Lancement d'une nouvelle collection chez Glénat, intitulé Flesh & Bones ce qui, admettons-le annonce clairement la couleur. Il y sera question de one shot en noir et blanc, à couverture souple et à la pagination proche des recueils de comics, où des auteurs français viendront jouer amoureusement avec les codes de l'horreur sans se sentir restreint par des questions de censure. On attend donc Sonar (écrit par Sylvain Runberg), Le Sphinx, Bikini Atoll... Mais c'est Sunlight qui ouvre la voie, accrochant immédiatement par une couverture des plus évocatrices. Une jeune femme plantée au fond d'un puit scrute la lumière qui filtre au-dessus d'elle, l'espoir ayant déjà fui son visage.

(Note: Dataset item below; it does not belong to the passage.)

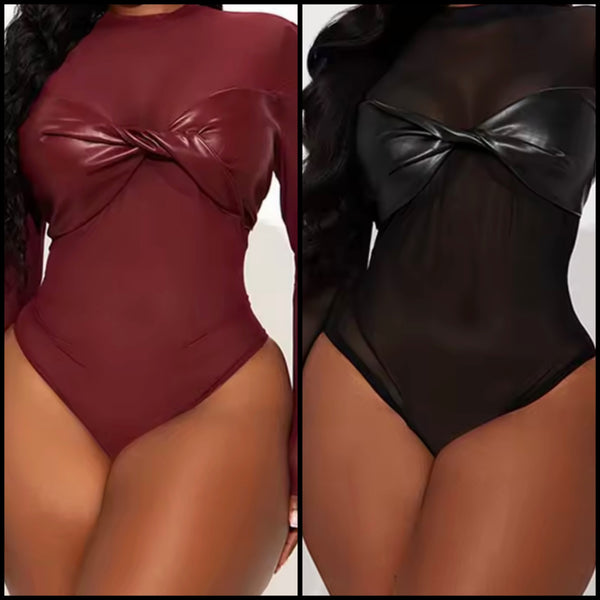 Women PU Mesh Full Sleeve Fashion Bodysuit Top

Auteur installé, Christophe Bec a déjà démontré son talent pour installer des ambiances lourdes et poisseuses, pour martyriser déraisonnablement ses personnages avec les excellents Sarah et Pandemonium, et l'on retrouve ici encore une fois son savant mélange entre ses multiples références cinématographiques (The Hole, The Descent et son groupe de spéléologue prisonnières) et une réappropriation qui entraine le lecteur vers des chemins inattendus.

 

régime sévère


L'album se déroulant presque intégralement en huis clos, les trois « héros » ne pouvaient résister autrement à la lecture en étant creusés, convaincants, en donnant corps immédiatement à leur amitié initiale... Celle-ci va bien entendu s'étioler face à la longue attente des secours, le froid, la faim et l'approche de la mort, et se transformer en méfiance et ressentiment. Si certains éléments semblent parfois quelque peu convenus, dont le twist de la dernière partie assez prévisible, la construction même du thriller est joliment orchestrée, implacable et tendue, faisant de Sunlight une œuvre qui se dévore littéralement, alpagué jusqu'au tréfonds des ténèbres à la recherche de la moindre lueur. Le choix du noir et blanc semble donc ici idéal pour jouer sur les contrastes entre les deux valeurs, sur les variations de gris et pour accentuer le réalisme tout en travaillant une certaine stylisation des traits et des décors, clairement à la manière du Walking Dead de Charlie Adlard. Connu pour ses BD contemporaines et carrés signées sous le pseudo de Frisco (Elysée République, L'Agence), Bernard Khattou s'offre une vraie récréation pouvant bien mieux jouer sur le découpage, tranché, et une atmosphère étouffante. Mais on remarque tout de même sur certaines de ses planches des visages et des corps moins précis et aux expressions excessives qui entament quelque peu l'efficacité de l'ensemble. Voilà en tout cas un début prometteur pour Flesh & Bones, et une BD qui rejoint clairement la dynamique des Doggybags d'Ankama. Dans le paysage de la BD française ça fait toujours du bien.